Film boyunca R.E.M.'in "Dünyanın çıldırdığını gördüğüm bir rüyanın acısını çekiyorum" dediği harika şarkısı çalıyordu kafamın içinde.

‘GÜNDÜZ GÖNÜLDE BİRİKEN GECE DÜŞTE AKSIRIR’

Rüyaları ‘büyük rüyalar, ortak rüyalar ve çocukluk dönemi rüyaları’ olarak üç gruba ayıran Jung rüyaların kaynağının bilinçdışı olduğunu söylüyor. Rüyalarımızda gördüğümüz semboller bilinçdışımızın bir yansımasıymış. (Bilinçdışımın bana nasıl oyunlar oynadığını bilmeyi çok isterdim ama tek bir rüyamı bile hatırlamıyorum!)
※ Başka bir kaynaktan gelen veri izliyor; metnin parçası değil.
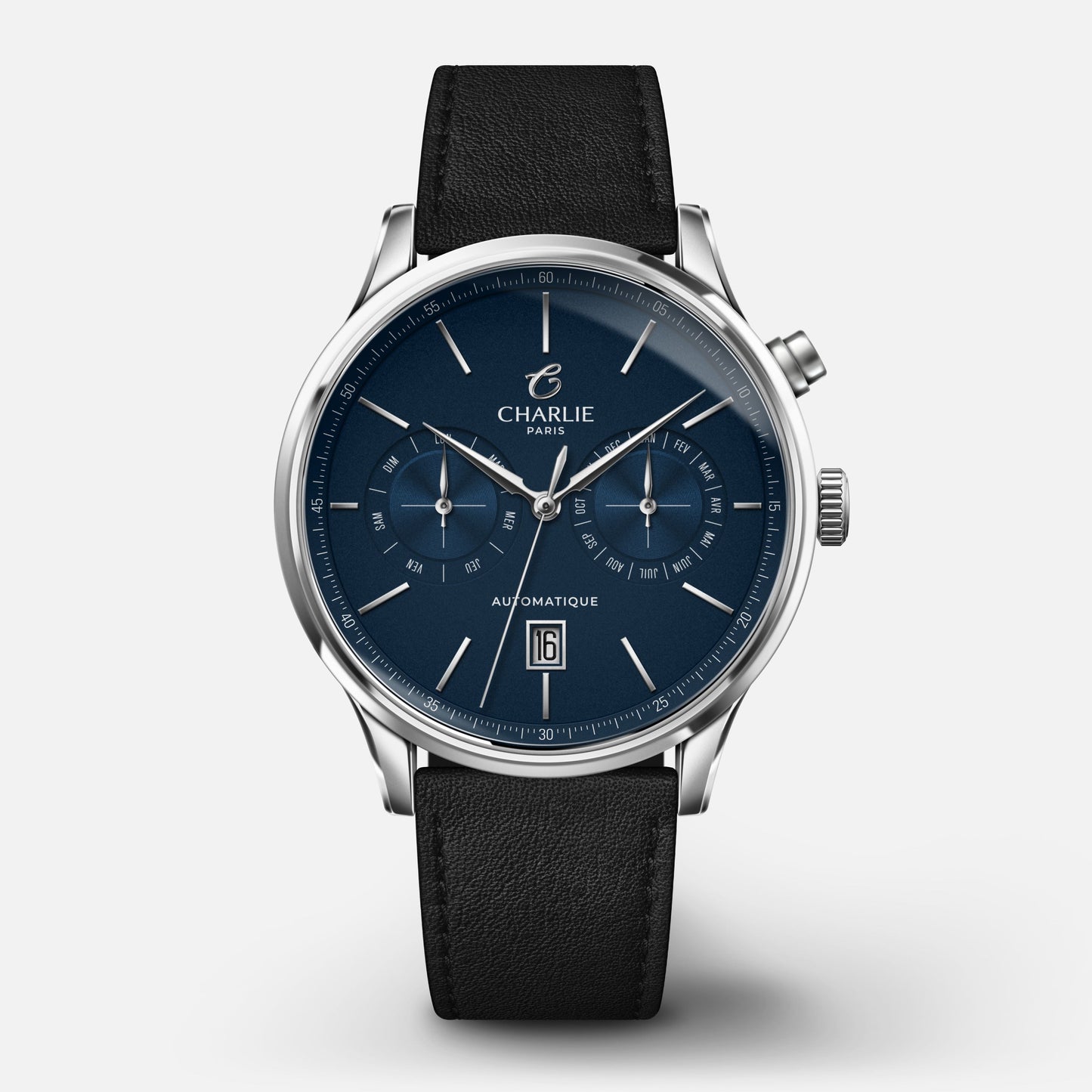 INITIAL - Calendrier - Bleu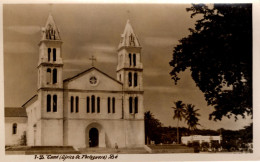 S. SÃO TOMÉ - Sé - São Tomé Und Príncipe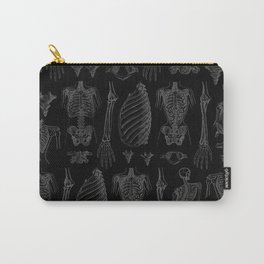 Anatomy Black & Gray Carry-All Pouch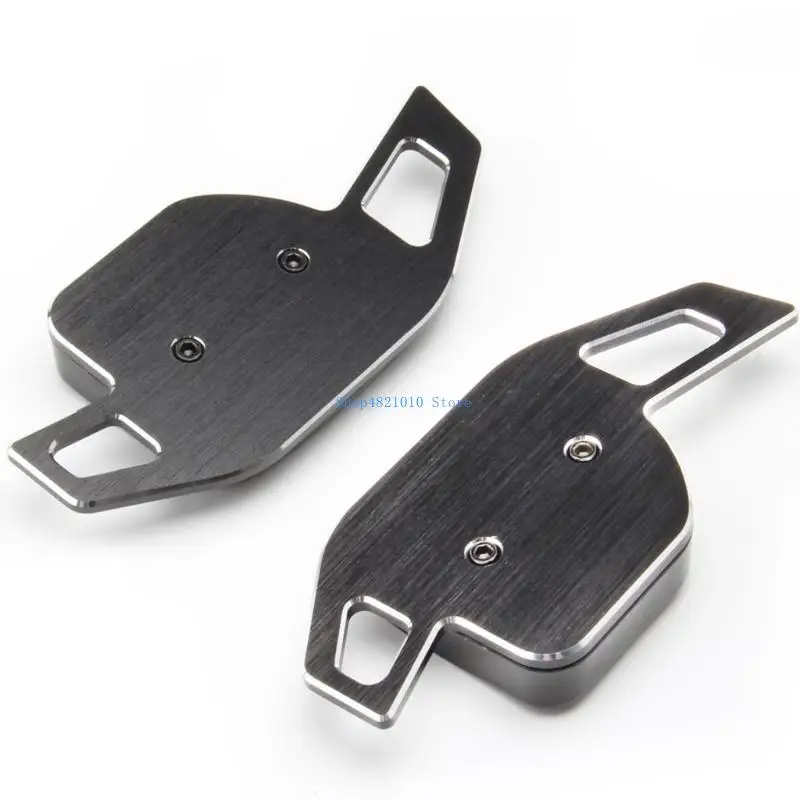 T3LF 2 pezzi estensioni del cambio in alluminio accessori auto leve del cambio per volante per auto estensione del cambio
Bu evrensel sembolleri öğrenip, rüyalarımızda tanımladığımızda içşel benliğimize dair farkındalığımızın artacağını, ruhumuzun farklı kısımlarını birleştirerek bütünsel bir benliğe ulaşabileceğimizi belirtiyor Jung!

Herkesin rüyalarında ‘edepli’ bir şekilde dolaştığına inanmak isteyen Prof. Matthews’ü ‘bir eldiven gibi’ üzerine giyen Cage, gerçek hayatında gördüğü rüyaları pek hayra yormadığını, çok da önemsemediğini anlatıyor: “Ancak bazen rol aldığım filmde, bir karakteri nasıl yorumlayacağım, bir sahneyi nasıl oynayacağım konusunda strese girdiğimde rüyalarımdan yardım istiyorum. Sahneye takılıp kaldığım için gerilince yatağıma gidip o sahneyi düşlüyorum. Sonra rüyamda gördüklerimden performansıma aktarabileceğim kadar duyguyu alıp kullanıyorum.”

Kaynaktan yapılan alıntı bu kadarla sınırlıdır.